:: Supplied material
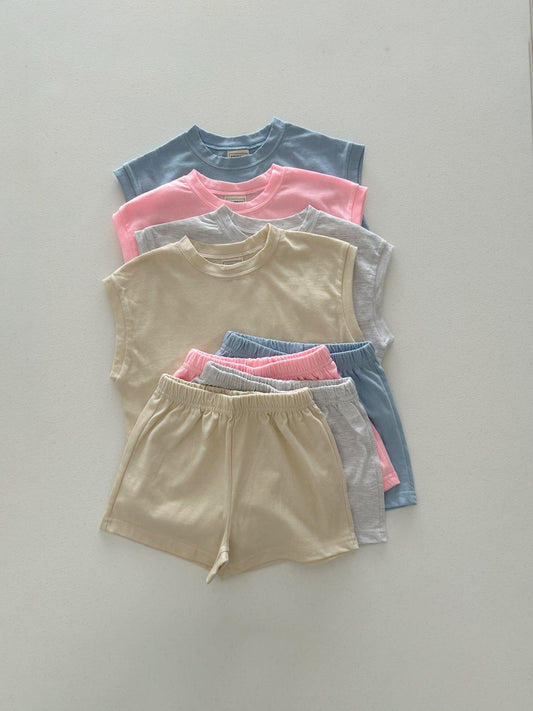 Kids Soy SS25 Muscle Sleeveless Top and Shorts Set (1 - 6y) - 4 Colors kids outfit
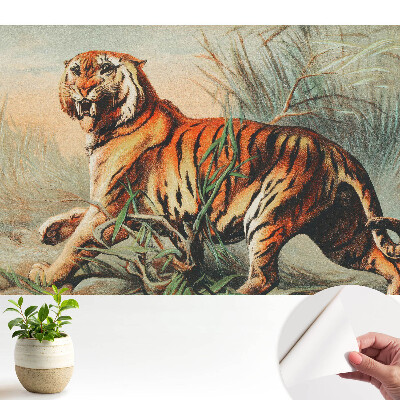 Öntapadós tapéta falra Egy fenséges tigris vad környezetben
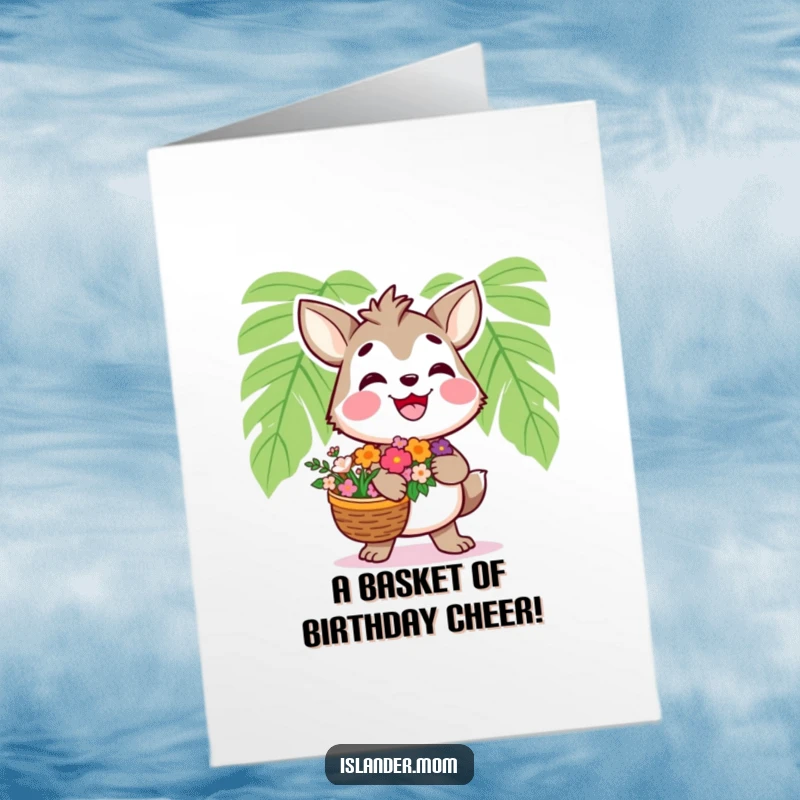 Funny Free Printable Birthday Card: Kawaii islander character smiles wide carrying a basket overflowing with colorful flowers.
::::
[Exercise instructions]:
Your copy of the data above should match it exactly, apart from the images.

[Result below]:
 Kids Soy SS25 Muscle Sleeveless Top and Shorts Set (1 - 6y) - 4 Colors kids outfit
 Öntapadós tapéta falra Egy fenséges tigris vad környezetben
 Funny Free Printable Birthday Card: Kawaii islander character smiles wide carrying a basket overflowing with colorful flowers.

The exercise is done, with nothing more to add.